In another report from Korea of R. subnigricans poisoning, four family members (two men and two women) ate wild mushrooms that had been picked from a forest (41). The index case was a 64-year-old man who presented with a12-hour history of substernal chest discomfort, nausea, vomiting, and myalgia. Laboratory tests revealed elevated serum troponin I. He was diagnosed with non-ST segment elevation myocardial infarction. Subsequently, two family members who ate mushrooms together with the index case developed rhabdomyolysis requiring intensive care unit management. With conservative management, including primary fluid resuscitation, these three patients were discharged without complications. R subnigricans poisoning was revealed after investigation. The remaining family member developed nausea, vomiting, and diarrhea immediately after mushroom ingestion and was treated and released from a hospital emergency department.

In three cases of myotoxic mushroom poisoning in Thailand, the mushrooms were also identified as Russula species by an experienced mycologist (62).

Management. The primary treatment goals are similar to rhabdomyolysis from other causes; these include (1) prevention and treatment of acute renal failure from heme pigment-induced acute kidney injury; and (2) correction of significant electrolyte abnormalities. Early detection, close monitoring (especially serum electrolytes, creatinine, CPK, urine output, and cardiac effects), and good supportive care are the main treatment modalities. A normal saline infusion is used to replete fluid losses. Urine output should be closely monitored, maintaining a minimum urine flow of approximately 4 mL/kg per hour (ie, 200 mL per hour in adults). Poisoned individuals should be monitored for significant electrolyte abnormalities, particularly hyperkalemia, hyperphosphatemia, and hypocalcemia. Management of hyperkalemia is particularly important because it may be life-threatening if untreated. Because hypocalcemia is usually transient and asymptomatic, calcium administration should be avoided unless severe symptoms (eg, tetany) are present.

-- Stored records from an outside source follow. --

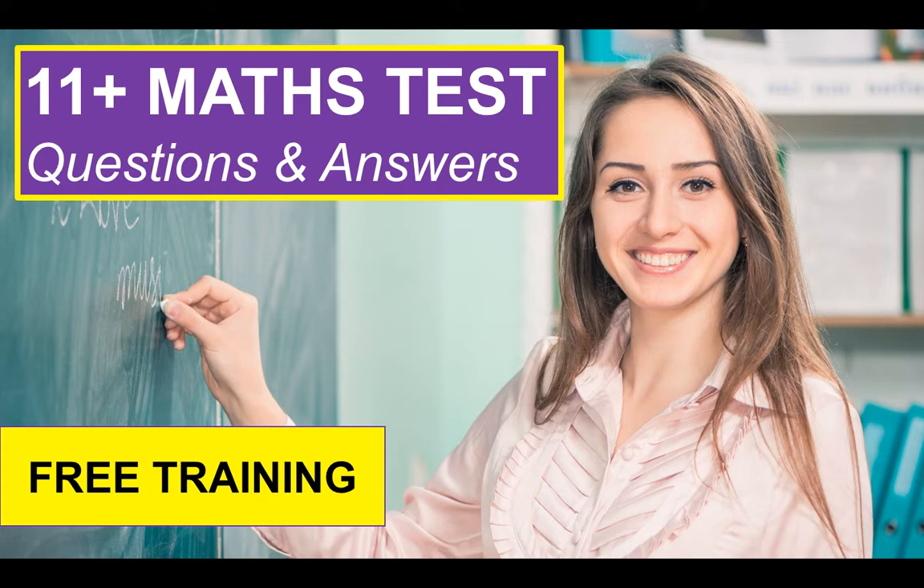Hi there, everybody. My name is Richard McMahon from the 11 Plus website, HowToBecome.com. In this training video, I'm going to teach you how to prepare for and pass the 11 Plus, and in particular, the maths element of the test. Please do watch the video from beginning to end, because I'm going to give you a whole load of questions to work through, some tutorials, and then tell you where you can get a copy of these slides so you can work through the questions at your own pace, and also give you additional training resources.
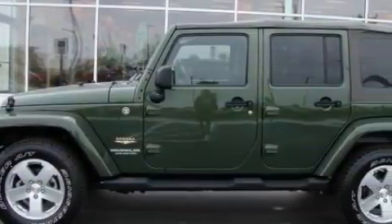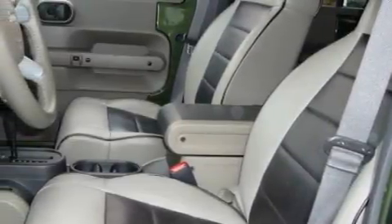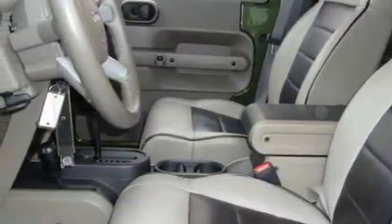This Jeep has a long list of incredible features including power windows, cruise control, a premium audio system, satellite radio, side curtain airbags, and an anti-lock braking system. And this vehicle has fewer than 12,000 miles on the odometer.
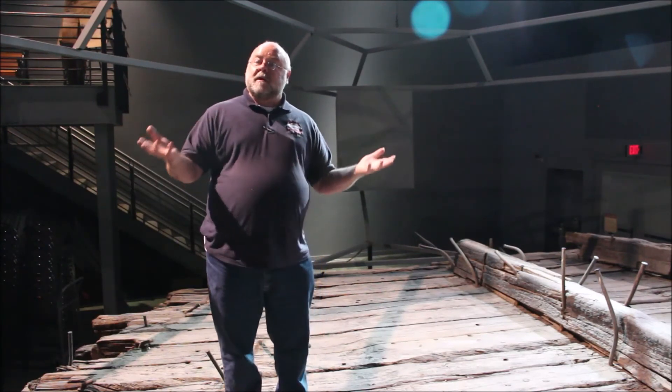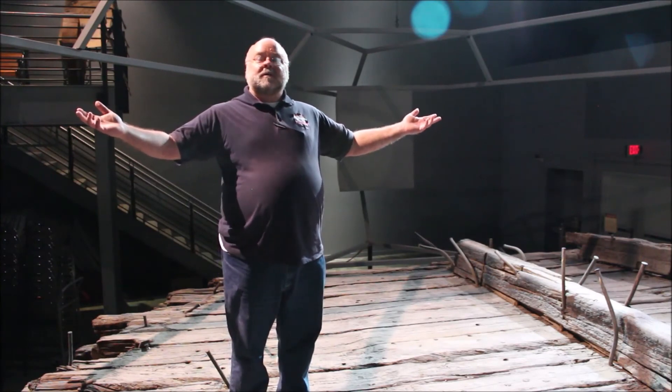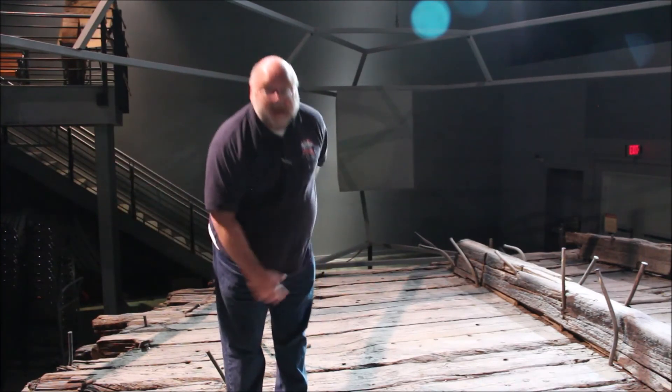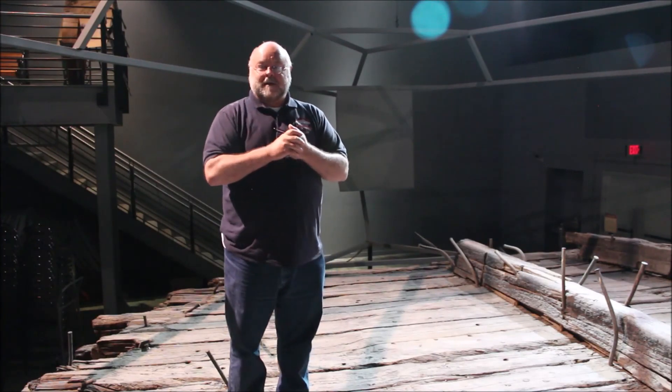So here you have the bow — the front. And if you want to think about it, what does a performer do at the end of a performance? Takes a bow. So you're putting the head and shoulders right out front. And ladies and gentlemen, that's another one of our pieces of lingo here at the National Civil War Naval Museum.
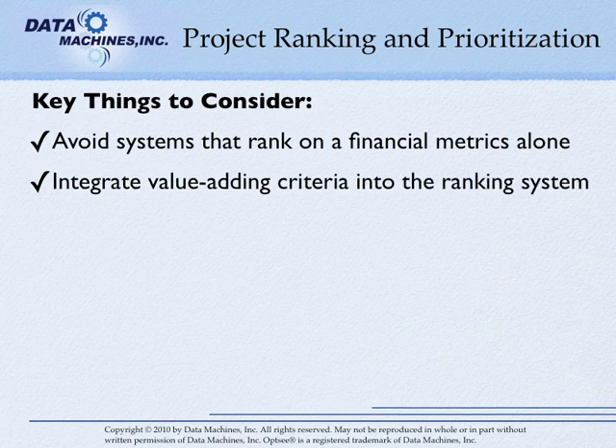Look for systems that prioritize based on the integration of value-adding criteria into the ranking system. Systems that use multi-criteria decision analysis or multi-attribute utility theory usually do this. However, make sure that you have flexibility in the type of data that you can use and that you can adjust the utility or attractiveness curves to reflect your preferences.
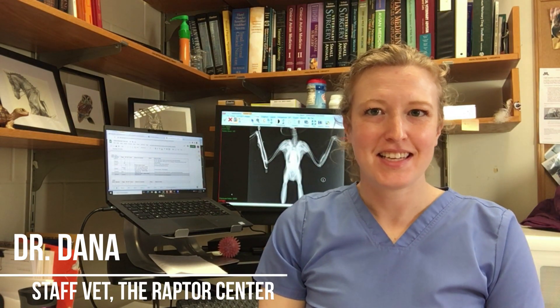Hello, Dr. Dana here. Today we're going to be doing a recheck exam on an adult female great horned owl.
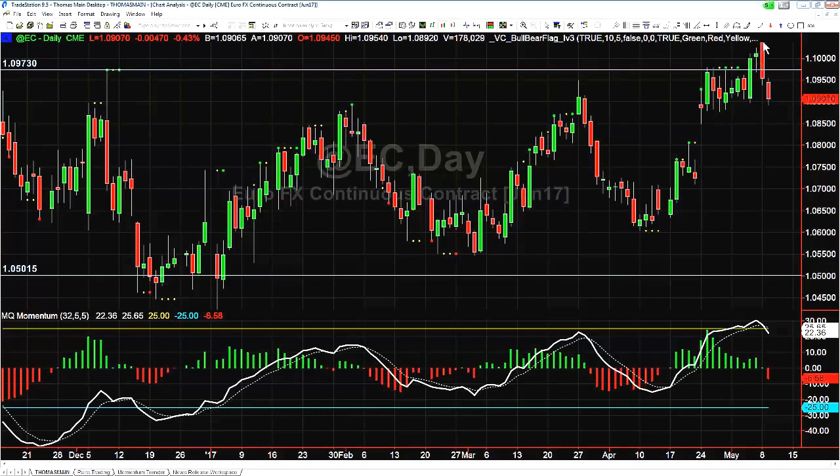In this case we gapped up yesterday above the absolute high of Friday's price bar. We engulfed the entire range, coming all the way down and closing below the lowest point of Friday's price bar — so you had a bearish engulfing bar. It's called an outside bar bearish engulfing because you engulf the entire range, not just the body of the previous candle.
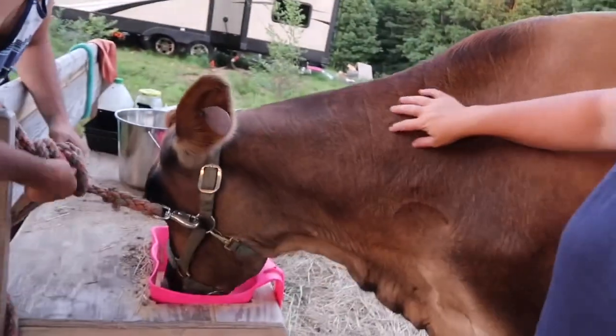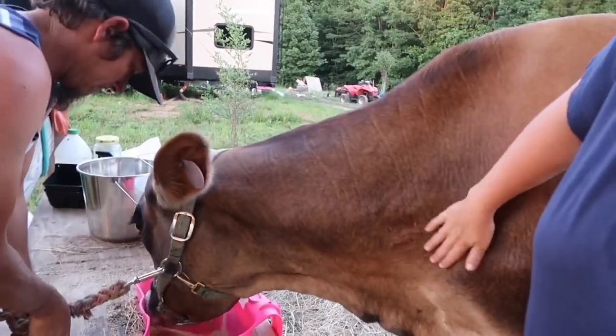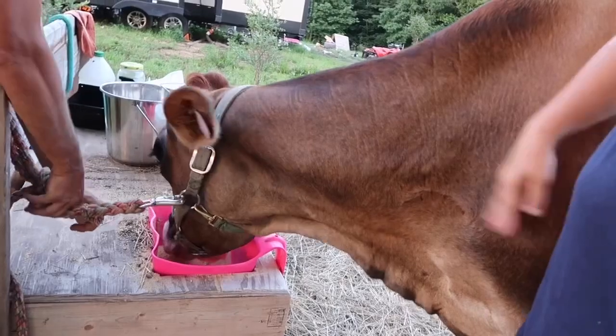We got a milk cow. This is Clementine — she's basically a dream come true. We searched and searched the internet, asked friends, anywhere you could possibly look for a milk cow. We've been looking for the last months, probably almost a year, but it was the Lord's timing and she's exactly what we were looking for.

Adverse outcomes. Among 17 cases of clinical poisoning, at least seven developed rhabdomyolysis (41%), and two died (12%) (33; 36; 11).

Other reports of myotoxic mushroom poisoning

Several other reports of myotoxic mushroom poisoning have been published, though in most cases with a less-clear association with a specific mushroom species and without identification of a potential toxin (15; 70; 62).

In a retrospective study from Thailand during a 5-year period (2012 to 2016), 38 individuals developed myotoxic mushroom poisoning without clear association with known myotoxic species (3 others in this series ate mushrooms identified as Russula species) (62). Common presenting symptoms were gastrointestinal symptoms and myalgia. The median onset of gastrointestinal symptoms was 2 hours after mushroom ingestion, with a range from 10 minutes to 24 hours. Symptoms suggesting rhabdomyolysis developed after a median of 24 to 48 hours, with a range of 2 hours to 5 days. For patients with rhabdomyolysis, acute kidney injury occurred in half of the cases, and hyperkalemia occurred in one third of cases. Median initial and maximum creatine phosphokinase (CPK) levels in patients with rhabdomyolysis were 31,145 and 47,861 U/L, respectively. The mortality rate was 27%. Treatments included intravenous fluid, urine alkalinization, hemodialysis, and peritoneal dialysis.